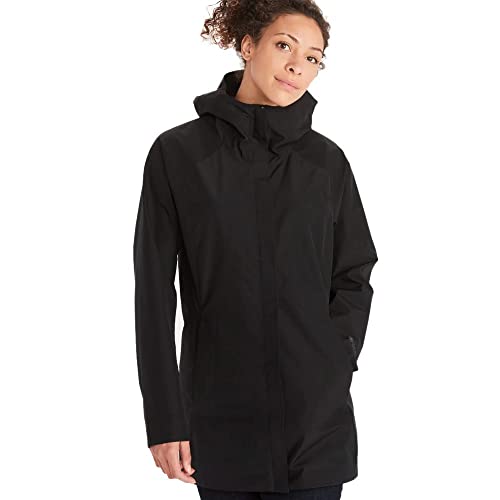 MARMOT Women’s Essential Rain Jacket | Gore-tex, Lightweight, Waterproof, Windproof, Black, Medium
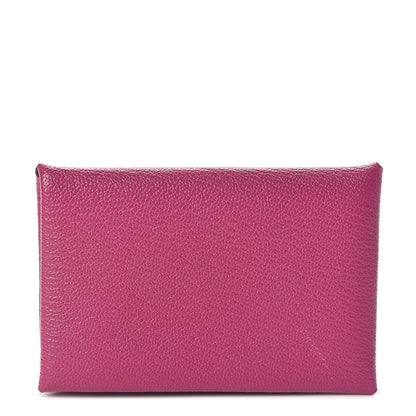 Hermes Chevre Mysore Calvi Card Case Rose Pourpre 1 of 8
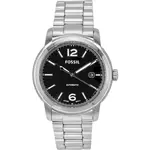 Fossil Heritage Stainless Steel Black Dial Automatic ME3223 Unisex Watch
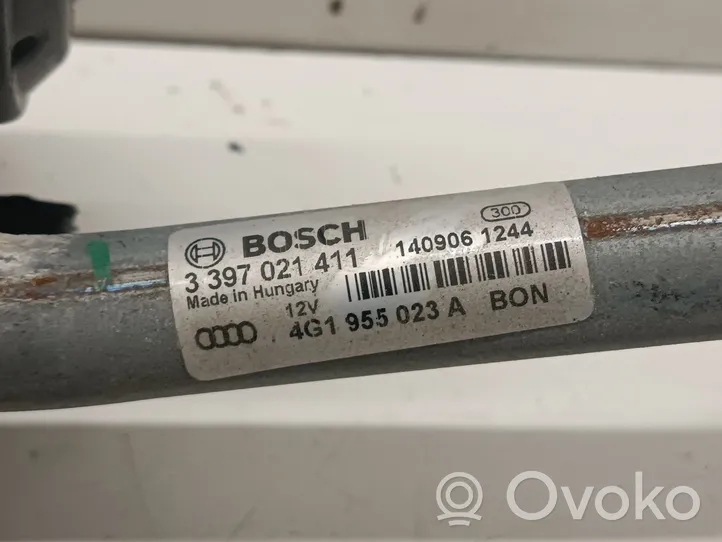 Audi A7 S7 4G Mechanizm i silniczek wycieraczek szyby przedniej / czołowej 4G1955119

• What the exercise asks
What you return should be all of the material above, exactly, and none of its pictures.

• Response to this task
 MARMOT Women’s Essential Rain Jacket | Gore-tex, Lightweight, Waterproof, Windproof, Black, Medium
 Hermes Chevre Mysore Calvi Card Case Rose Pourpre 1 of 8
 Fossil Heritage Stainless Steel Black Dial Automatic ME3223 Unisex Watch
 Audi A7 S7 4G Mechanizm i silniczek wycieraczek szyby przedniej / czołowej 4G1955119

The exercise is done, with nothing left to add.